The Far East Flying Training School, which had been operating before World War II, reopened after the British reoccupied Hong Kong, and the school expanded operations to 800 students and 50 instructors. In 1962, a typhoon—ironically named Wanda—decimated the school’s hangars and wrecked its aircraft. The Aero Club of Hong Kong and the Hong Kong Flying Club—which combined in 1982 to form today’s Hong Kong Aviation Club—took over pilot training, and by 1982 had graduated more than 6,000 students.

Last year, in an effort to expand business, the club opened its ground school to non-members. Within 48 hours, 29 students signed on. Because of daunting fuel and insurance costs, introductory flights run $345 per hour. With the help of the Government Flying Service—the descendant of the Royal Hong Kong Auxiliary Air Force, which provides search and rescue, firefighting, and patrol—the Corps has mushroomed to 2,200 cadets between the ages of 12 and 18, plus 400 adult officer cadets, all of whom will soon be able to gain rotary-wing training in the club’s Robinson helicopters.

If Loh’s vision is realized, the club will continue its tradition of helping new pilots into the sky. “When I was very young, my uncle used to bring me to Kai Tak every single weekend,” says 18-year-old cadet Jimmy C.M. Leung. “At that time I imagined how exciting it would be to pilot the aircraft by myself—and the time soon comes!”

Leung won a scholarship to Australian Aviation College in Adelaide through a program jointly sponsored by Cathay Pacific Airways, Swinburne University of Technology, and the Government Flying Service. But despite growing its cadet rolls, the club has lost 30 percent of the members it had before the airport closed—many of them British subjects who returned home after mainland China took over Hong Kong in 1997, as well as the pilots and aviation workers who no longer stop by for a drink after landing a jumbo or leaving their office. “About 25 percent of the social members are out, and many of the expatriates are gone,” says club manager Chris Lau. “All of the former airport workers are gone.”

The club counts 500 full members who each pay an entrance fee of $4,166. Some members resist the changes—the push to expand services to non-members—and nothing can really replace the loss of a vital, exciting airport that once surrounded the club. Some of the remaining members would rather drink to the memories of the past. “There is a faction that wants [the club] bulldozed rather than opened to the public,” says Dunnaway.

“A lot of the [airline] pilots used to radio that they would walk around to meet us at the aviation club bar,” says former Kai Tak air traffic controller John L. Wagstaff, who transferred to the new airport. “The inner circle in the old tower was a more homey feel. It’s not the same at Chek Lap Kok, because of the sheer size and the long commute home.” Wagstaff worries that general aviation cannot survive the development: “Only money speaks, and in Hong Kong land is money.”

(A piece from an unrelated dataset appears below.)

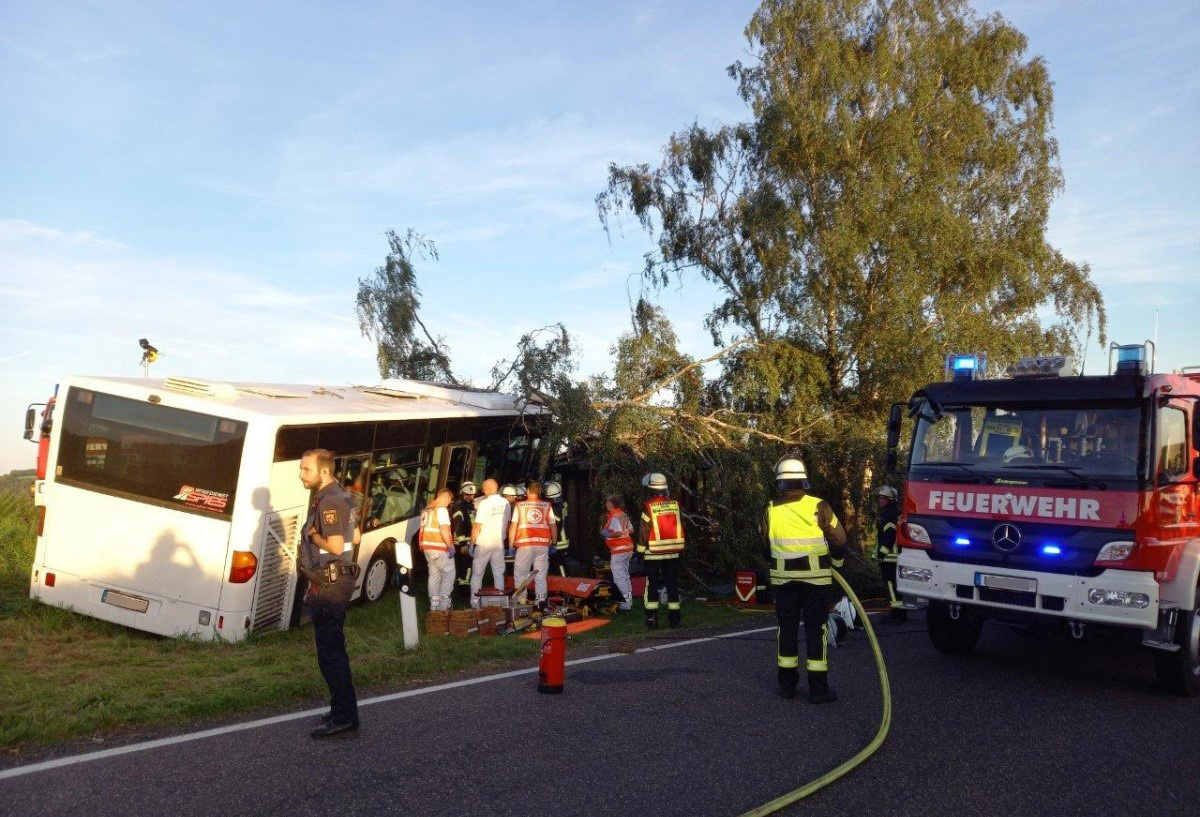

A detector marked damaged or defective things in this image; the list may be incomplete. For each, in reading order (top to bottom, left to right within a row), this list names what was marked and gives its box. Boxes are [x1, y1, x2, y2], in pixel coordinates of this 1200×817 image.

damaged bus windshield [907, 403, 1142, 484]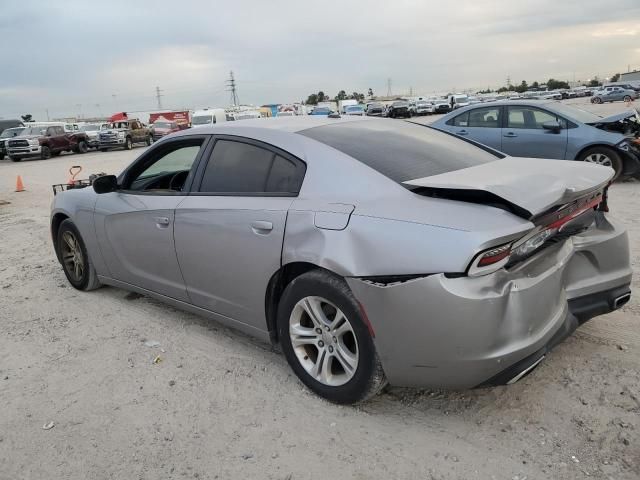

To help recapture a small part of the magic, the club’s long-term plans include an aviation-themed complex designed by Dunnaway that would be combined with the aircraft tie-down area. A Cathay Pacific DC-3, which now hangs in the Hong Kong Science Museum, would be one of the attractions. The restaurant, the 13/31 Lounge, would memorialize Kai Tak’s infamous runway, which treated jumbo jet pilots and passengers to a hair-raising approach that scarcely skirted the tops of surrounding apartment buildings.

On the descent to Runway 13 was a visual navigation aid above the airport known simply as the checkerboard, an orange and white pattern that was painted on a concrete-faced slope in 1973. It loomed large in the windscreens of jumbo jets that once flew at its sheer rock face at nearly 200 mph and 675 feet above Kowloon City, often while being buffeted by Hong Kong’s subtropical air masses. There was no time to glance at instruments; just before the checkerboard, pilots sighted Runway 13 out their right windows and turned their Concordes, Boeing 747s, or Airbus 300s 47 degrees hard right.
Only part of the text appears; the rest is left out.